Rohan Myers speaking at the KPMG workshop

“These are the things they are doing. Will that work for me?”

After people management and leadership skills the workshop moves on to understanding dealership financials and operations across the whole business.

“A lot of the people in the sales and service side of things get to see their own monthly financials, but may not see the rest of the dealership’s financials.

“What we try to do is get the business to work as one as the industry at both wholesale and retail level is very prone to operating in silos.

“We set out to explain that if they do certain things in their business in new cars then it may have a certain roll on effect on the service side and vice versa.

“You have new cars versus used cars versus parts versus service, etc. These are all individual profit centres that can all manipulate their numbers to improve their results by influencing what happened in other departments.

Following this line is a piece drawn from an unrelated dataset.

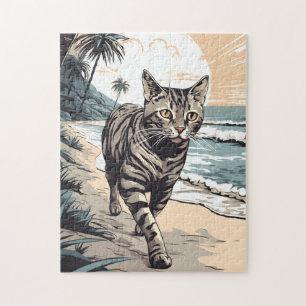 American-Shorthair-Cat at a tropical beach Jigsaw Puzzle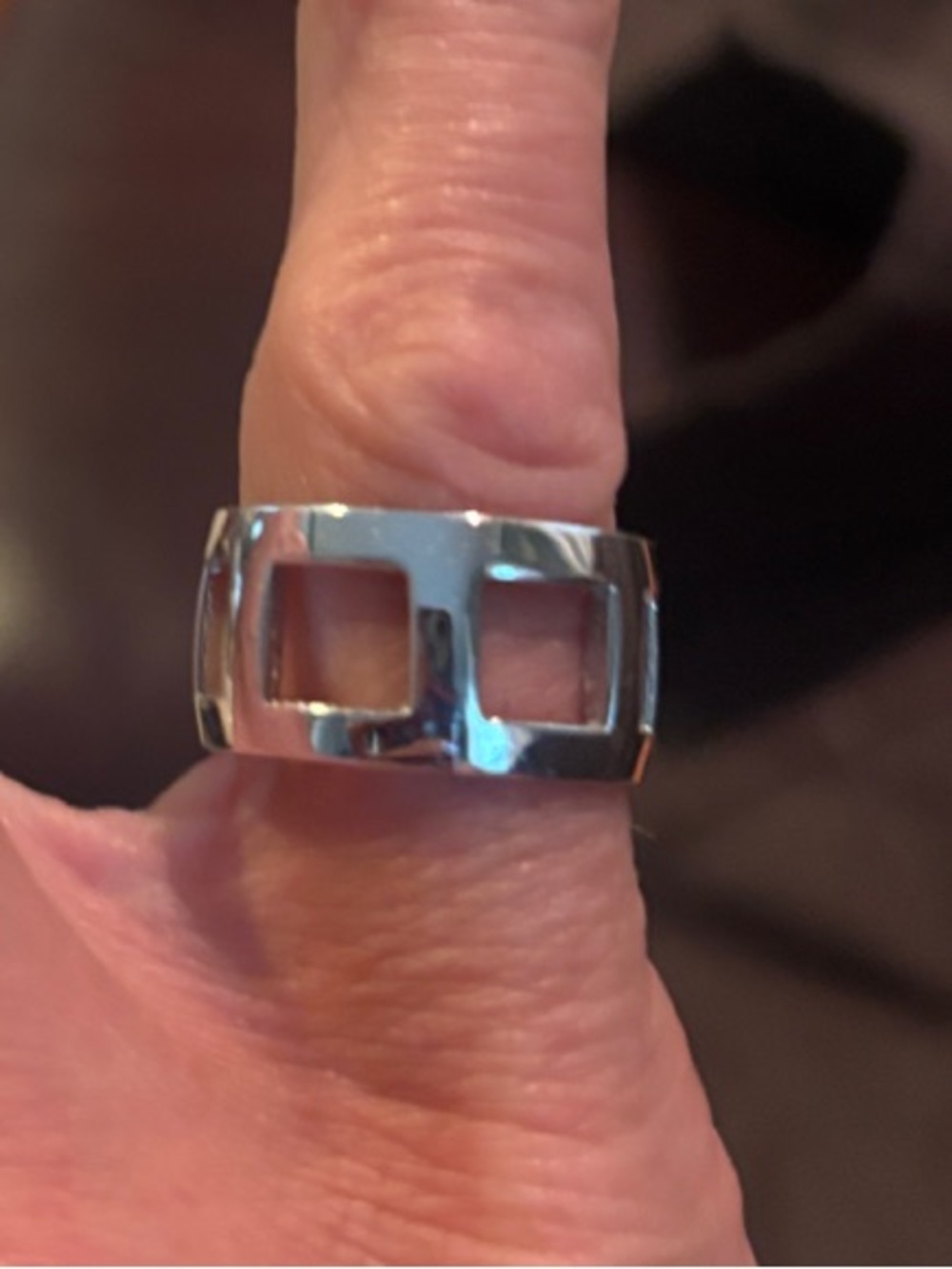 Park Lane Modern Open-Frame Silver Band Ring Size 8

Participants at the KPMG workshop in Sydney

“What we find with best practice dealers is that their teams still work to their own budgets, but help each other so that the overall business has a better result.

“We essentially introduce our participants to the total picture of the dealership. In other words we show them what their input can mean to the total business and its bottom line, however we do this from both an operational perspective as well as from the financial perspective.”

Mr Fellowes said that just reviewing the numbers used by the financial controllers was not helpful if staff did not under understand what the numbers told them about the operations of the business and how those operations could, in turn, affect the numbers but more importantly knowing how to fix it from an operational perspective.

“We look at the operational effects – what operational processes affect those numbers. If we change that (way of doing things) will it influence this result?

“We focus on a simple mantra, we look at the Actions (possesses) that influence the Outcome however we analyse the Activities that can be fine-tuned to improve the final Outcome – A + A = O.

“The result is that the entire dealership benefits from better productivity and a better financial result.”

Mr Fellowes said that, in the workshop, this process of analysis takes place for all the different departments and then “at the end of the day we pull it altogether by joining the dots”.

Workshop participants were provided with a complimentary tablet computer on which the entire seminar course material is loaded. Case studies are included in which course participants can put their own numbers into the template and see what they might have to do to get a result in their own dealership.

Participants will be linked in a cloud-based social media site where they will receive ongoing information in a newsletter, various hints and tidbits from others on the course as well as posts from anyone who has a best practice that works for them.

Course participants will also soon be linked into an online follow-up session “to see how they’re doing”.


Mr Fellowes said: “The foundation course is the entrée. KPMG is also now adding two-day courses specifically tailored for:

  • New Car Sales Management
  • Used Car Sales Management
  • Aftersales Management
  • Dealership Financials and Fraud
  • Leadership and Management

KPMG is now taking bookings for the Melbourne Foundations of Dealer Performance four-day course from November 13-16, 2017. More than half the total places have now been booked.


Who attended in Sydney

THE Foundations of Dealership Performance course in Sydney was attended by 17 people including two group general managers, financial controllers along with departmental managers and HR managers. Four of the 17 participants were women drawn from senior roles within their dealerships.

“We had two HR attendees who wanted to learn more about the industry as a whole,” Mr Fellowes said.

“They came along to learn about the business, to take a holistic look. They were finding it challenging to understand the different imperatives for employees recruited for roles in service department versus the imperatives of sales department employees and so on.

“It was a really good cross-section of people.”